- Montagliani in 2026

Vice president of FIFA from CONCACAF
- Incumbent
- Assumed office May 2016
- Preceded by: Sunil Gulati

7th President of CONCACAF
- Incumbent
- Assumed office May 12, 2016
- Preceded by: Alfredo Hawit

33rd President of the Canadian Soccer Association
- In office May 5, 2012 – May 7, 2017
- Preceded by: Dominic Maestracci
- Succeeded by: Steve Reed

Personal details
- Born: Vittorio Montagliani September 12, 1965 (age 61) East Vancouver, Canada
- Education: Simon Fraser University

= Victor Montagliani =

Canadian soccer executive and businessman

Vittorio "Victor" Montagliani (/it/; born September 12, 1965) is a Canadian businessman, soccer executive, and the president of CONCACAF. He is a vice president of the FIFA Council. Montagliani was previously the president of the Canadian Soccer Association from 2012 to 2017.

==Biography==
Montagliani was born in East Vancouver to an Italian family. He is a former player of amateur soccer club side Columbus F.C., where his father was club president. Montagliani also played futsal and was called up to the Canada national team until injuries prevented him from playing professionally. He graduated from Simon Fraser University with a Bachelor of Arts degree in 1988 and worked as a flight attendant and in the insurance industry. In his professional career, Montagliani was a manager at Hogan & Cox Insurance Adjusters in Maple Ridge before being transferred to Vancouver in 2003.

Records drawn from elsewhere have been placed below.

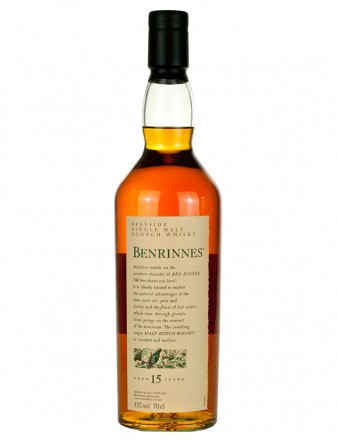 Benrinnes 15 Year Old Flora & Fauna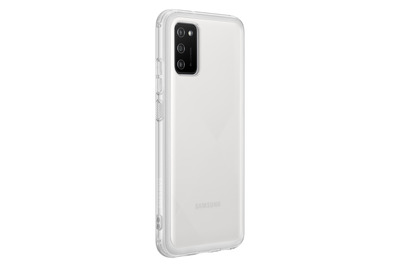 Samsung Soft Clear Cover Galaxy A02s, Transparent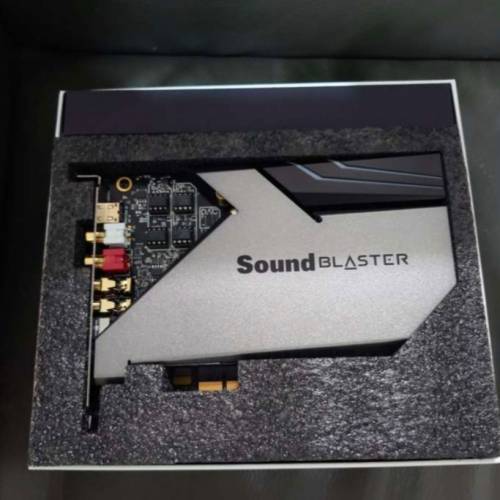sound blaster ae-9 gaming sound card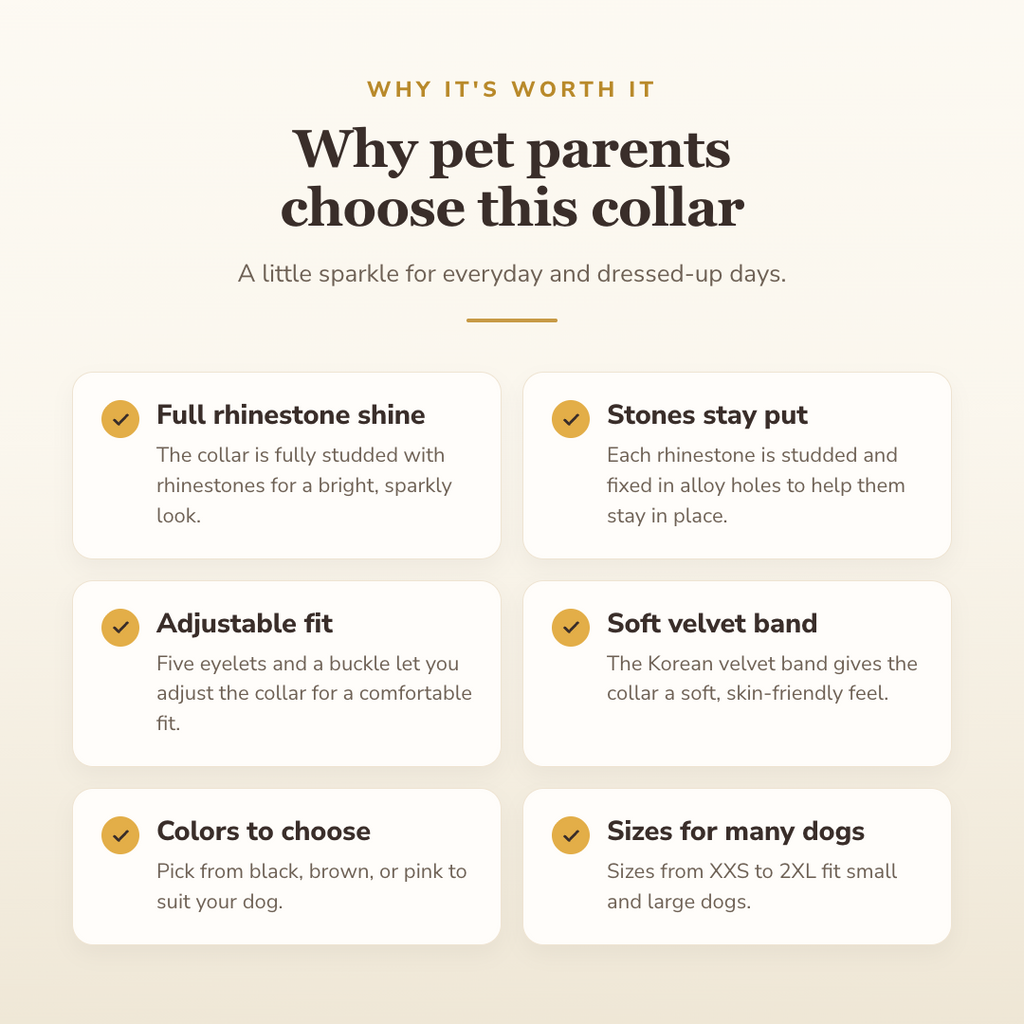 Why buyers choose this — benefits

In 2002, he returned to soccer as an administrator and joined the Vancouver Metro Soccer League board. Montagliani became the president of the British Columbia Soccer Association in 2004 and was named to the board of the Canadian Soccer Association. During his time at BC Soccer, Montagliani was supportive of Sikh players wearing a patka should they want to, after a match official had told a 17-year-old player to remove it or leave the game. Montagliani was elected the vice president of the Canadian Soccer Association in 2005 and served several terms during preparations for the 2007 FIFA Under-20 World Cup and 2015 FIFA Women's World Cup. He was then voted in as president of the Canadian Soccer Association in May 2012. Montagliani led the association as it guided the delivery of the 2015 FIFA Women's World Cup and the creation of the Canadian Premier League under the Canada Soccer Business, a private company that manages Canadian soccer media rights. He was also accused of downplaying allegations of sexual assault by former women's coach Bob Birarda during his tenure at the CSA.

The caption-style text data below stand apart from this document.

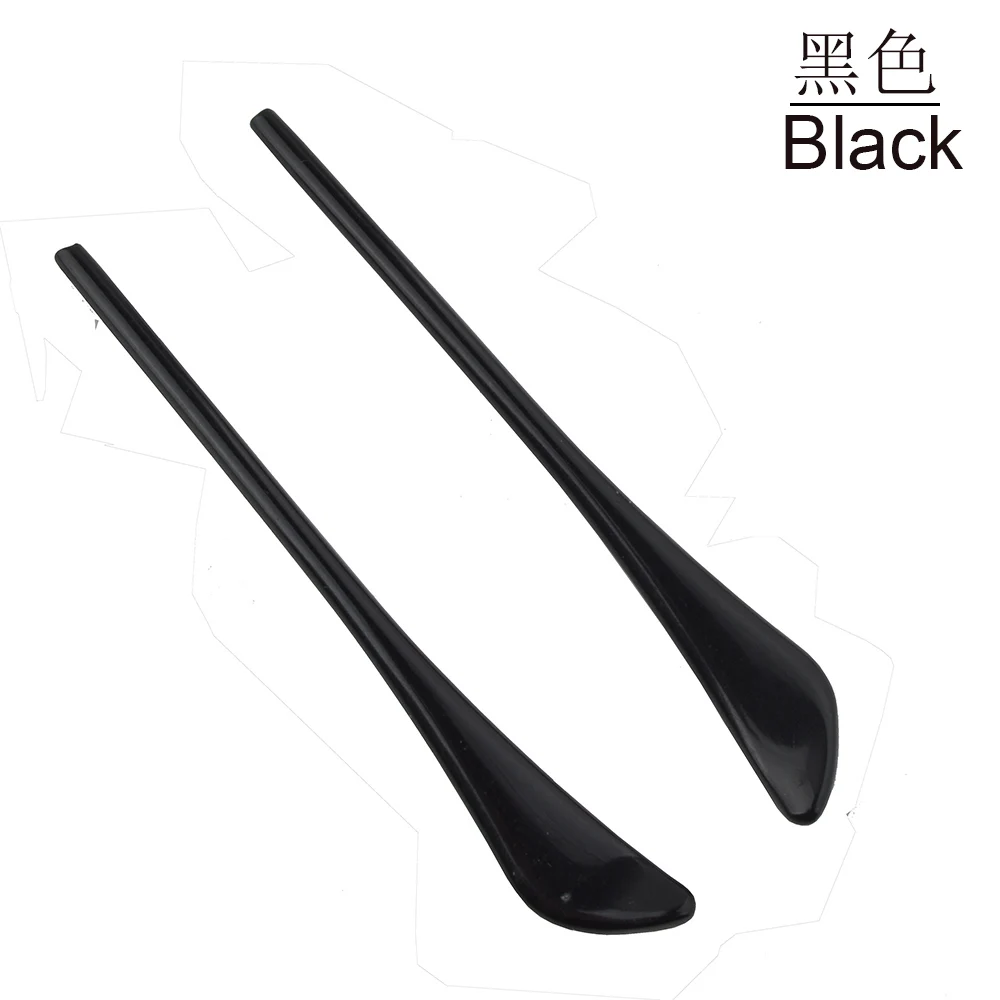 10pairs(20pcs) Anti slip Plastic Temple Tips For Metal Temple Glasses Eyewear Temple Tips Eyeglasses temple 4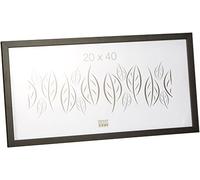 Deknudt Frames S43AK2 Cadre Photo Bois Noir 20 x 40 cm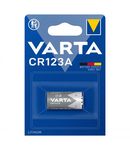 Baterie litiu 3V CR123A 1430mAh, Varta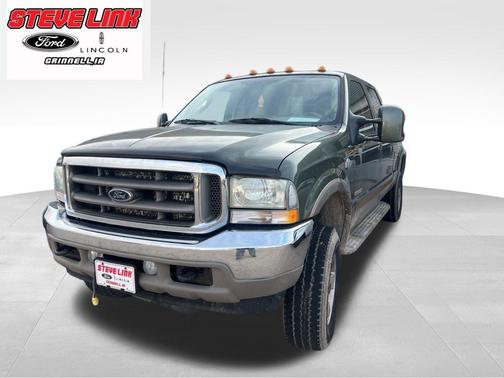 Green 2004 Ford F-350 King Ranch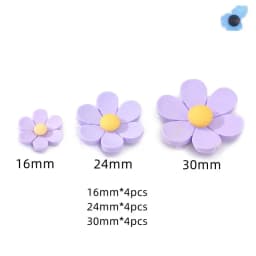 Best Selling Hole Shoes Charms Ready To Put on White Daisy Sunflower Combination Suit Shoe Buckle Girlish Shoes Accessories New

In July 2012, Montagliani was one of the primary proponents who first proposed that Canada bid for the 2026 FIFA World Cup. This early advocacy laid the groundwork for what would eventually become the successful tripartite United Bid alongside the United States and Mexico, which was awarded the hosting rights in 2018. Montagliani also opposed the 2015 re-election of Sepp Blatter as FIFA president and was part of a task force to stabilize CONCACAF operations after the 2015 corruption case conducted by U.S. authorities.

In February 2016, Montagliani announced his intention to run for CONCACAF president. He won the presidency on May 12, 2016, defeating Larry Mussenden of Bermuda to become the first person from outside of the Caribbean to hold the post since 1969. Montagliani was unanimously reelected in 2023. In 2024, he was paid over US$3 million by CONCACAF and $300,000 from FIFA.

Montagliani has emerged as a leading candidate for the FIFA presidency, but has not formally announced his candidacy for the 2027 election.